Collected data entries
§ §

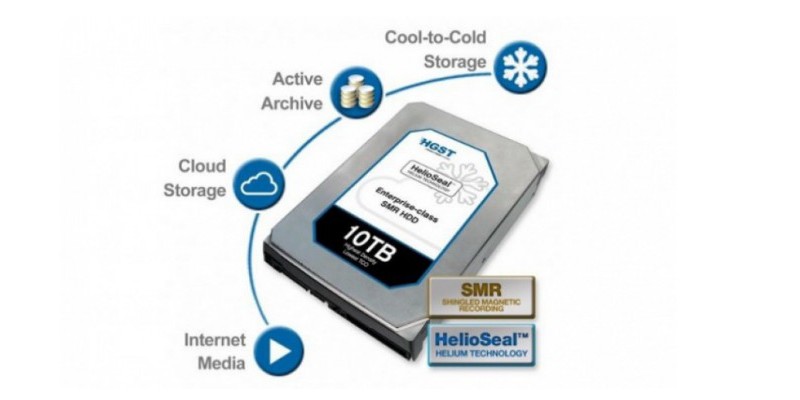 HGST 10 TB SMR Helioseal HDD: Bislang größte Festplatte soll Q2/2015 erscheinen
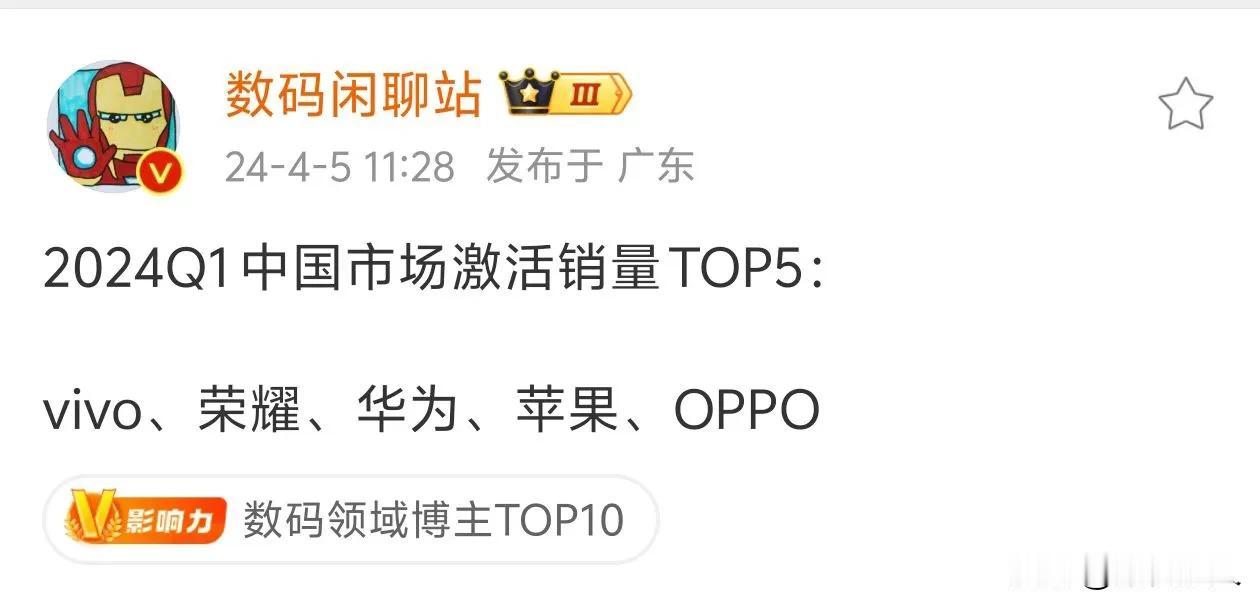 2024年Q1中国市场激活销量TOP5：

第一名，vivo
第二名，荣耀
第三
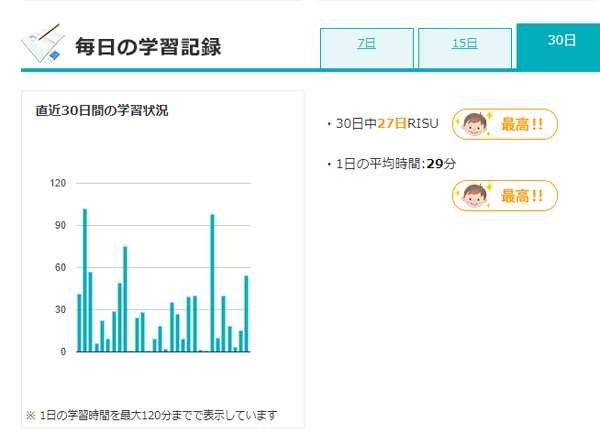 RISU算数のマイページで学習記録を確認可能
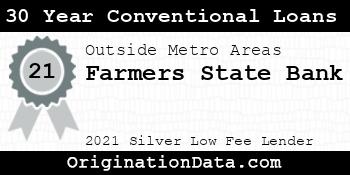 Farmers State Bank 30 Year Conventional Loans silver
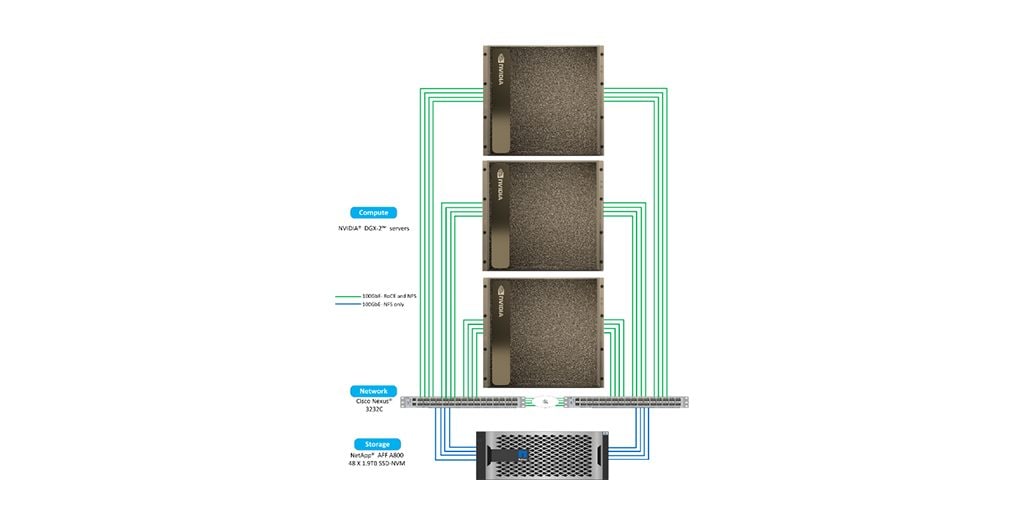 Data Fuels AI. We Fuel Data. ONTAP AI Validated wi - Inline Image 1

§ §

WORK TO COMPLETE
Retype only the lines from the line with "RISU算数のマイページで学習記録を確認可能" through the last line of the data. Keep both ends and skip the pictures.

COMPLETED EXERCISE
 RISU算数のマイページで学習記録を確認可能
 Farmers State Bank 30 Year Conventional Loans silver
 Data Fuels AI. We Fuel Data. ONTAP AI Validated wi - Inline Image 1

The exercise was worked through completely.